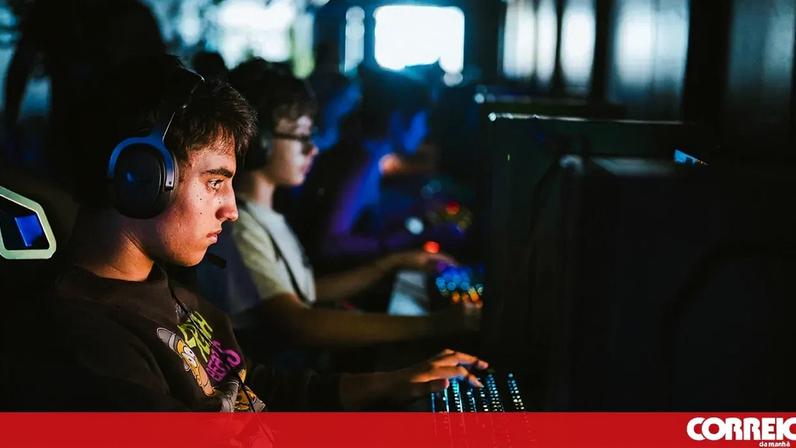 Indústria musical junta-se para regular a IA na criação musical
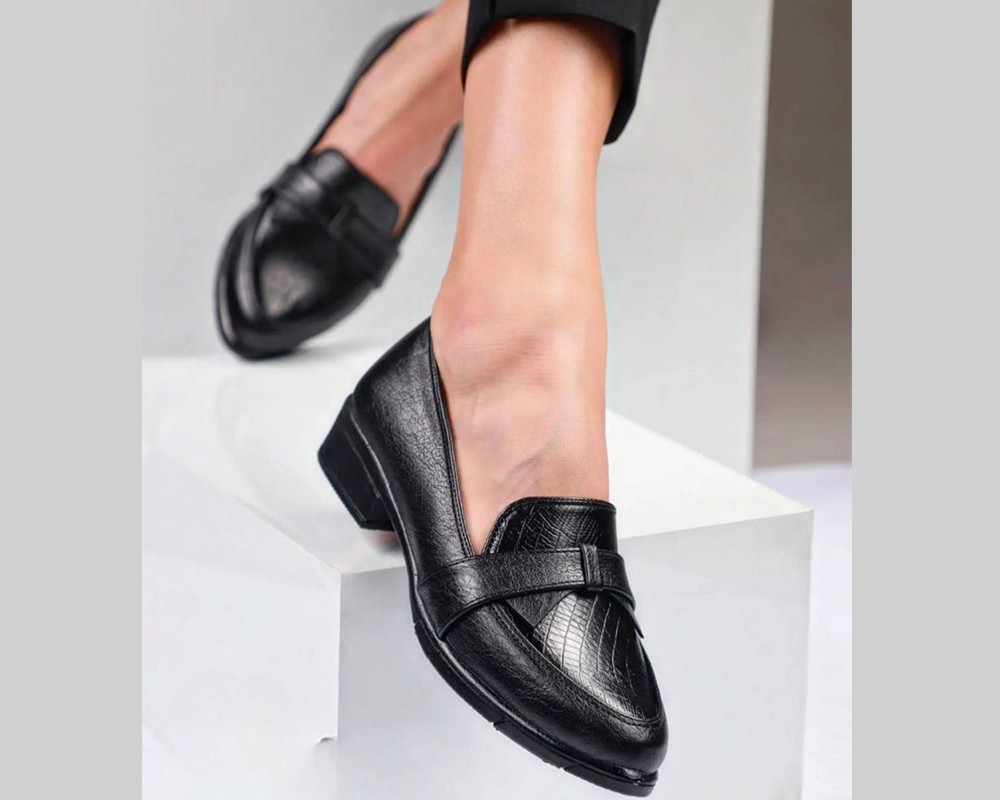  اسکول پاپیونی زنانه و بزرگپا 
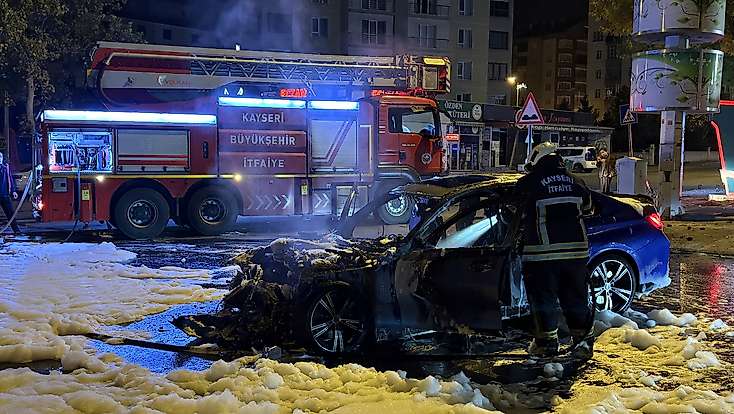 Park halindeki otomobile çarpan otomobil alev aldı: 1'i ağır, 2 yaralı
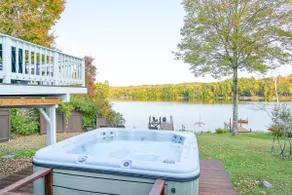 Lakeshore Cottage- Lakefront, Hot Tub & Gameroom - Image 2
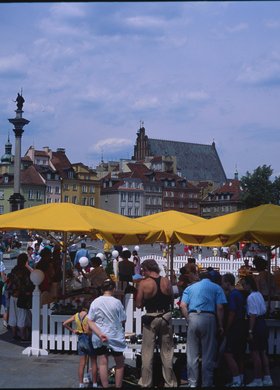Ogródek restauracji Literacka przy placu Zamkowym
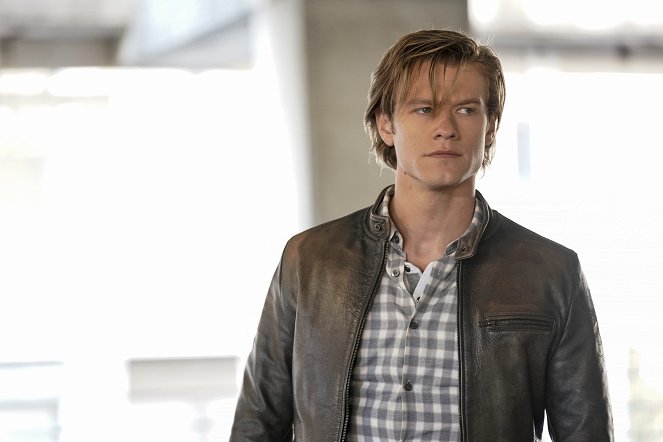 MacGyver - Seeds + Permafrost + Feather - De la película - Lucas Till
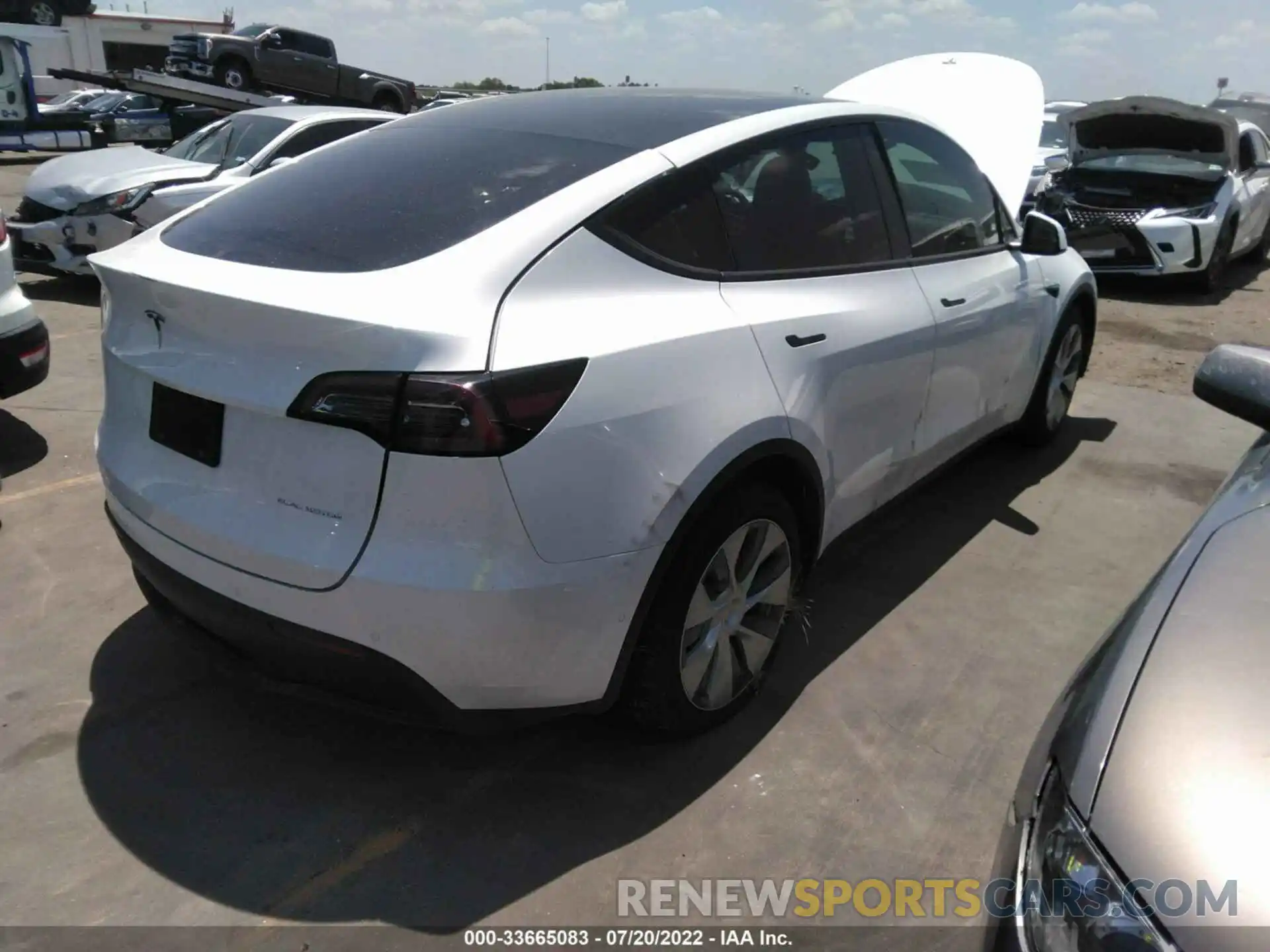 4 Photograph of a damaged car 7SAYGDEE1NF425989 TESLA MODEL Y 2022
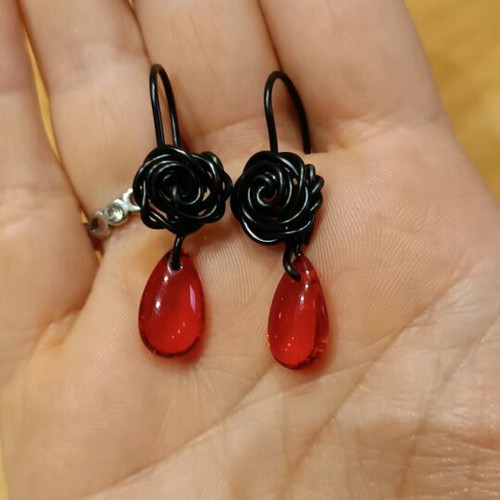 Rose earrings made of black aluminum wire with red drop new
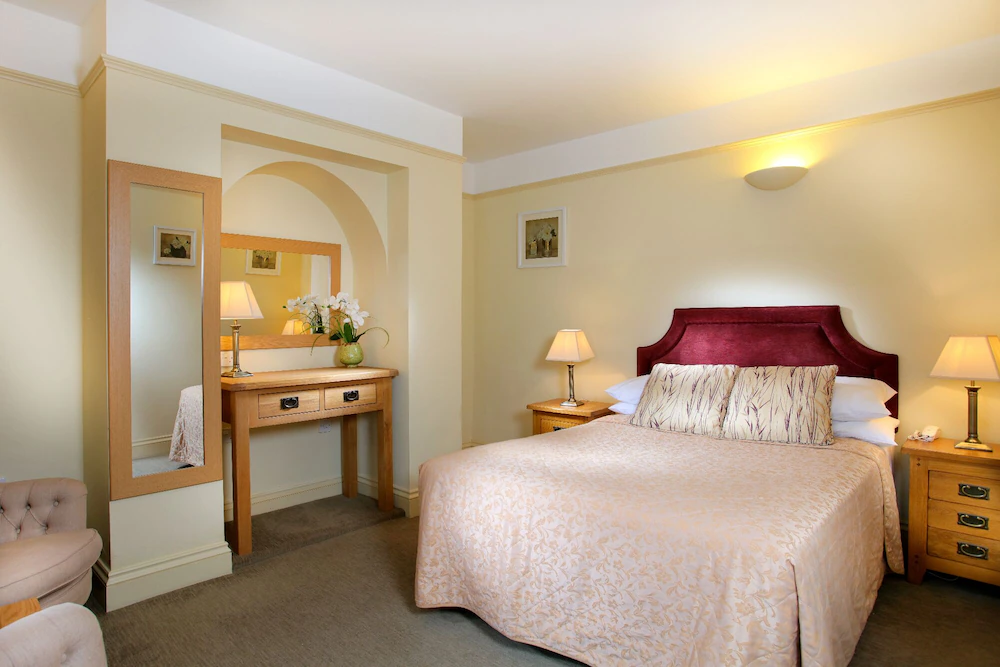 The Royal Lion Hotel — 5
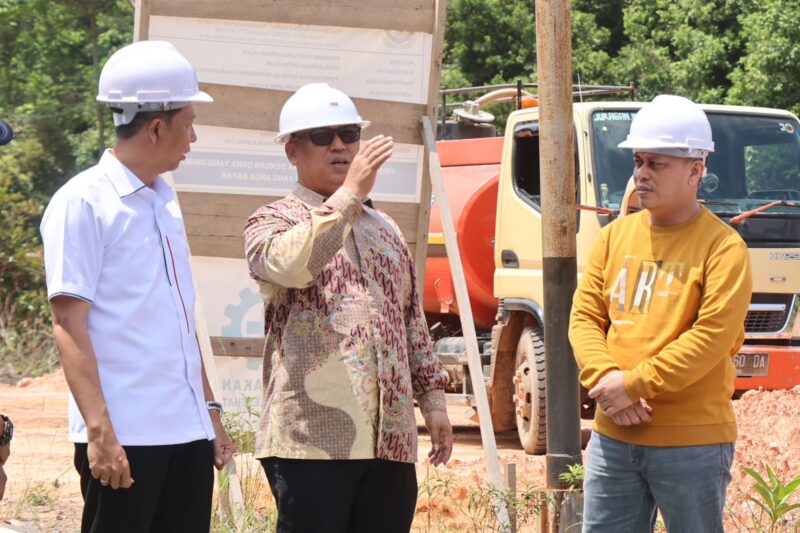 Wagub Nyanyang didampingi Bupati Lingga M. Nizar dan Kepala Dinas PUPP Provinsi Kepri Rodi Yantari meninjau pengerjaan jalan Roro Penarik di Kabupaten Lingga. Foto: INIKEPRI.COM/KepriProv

WHAT THE TASK REQUIRES =>
Only the pictures are to be left out; restate everything else in the listing word for word.

TASK SOLUTION =>
 Indústria musical junta-se para regular a IA na criação musical
  اسکول پاپیونی زنانه و بزرگپا 
 Park halindeki otomobile çarpan otomobil alev aldı: 1'i ağır, 2 yaralı
 Lakeshore Cottage- Lakefront, Hot Tub & Gameroom - Image 2
Ogródek restauracji Literacka przy placu Zamkowym
 MacGyver - Seeds + Permafrost + Feather - De la película - Lucas Till
 4 Photograph of a damaged car 7SAYGDEE1NF425989 TESLA MODEL Y 2022
 Rose earrings made of black aluminum wire with red drop new
 The Royal Lion Hotel — 5
 Wagub Nyanyang didampingi Bupati Lingga M. Nizar dan Kepala Dinas PUPP Provinsi Kepri Rodi Yantari meninjau pengerjaan jalan Roro Penarik di Kabupaten Lingga. Foto: INIKEPRI.COM/KepriProv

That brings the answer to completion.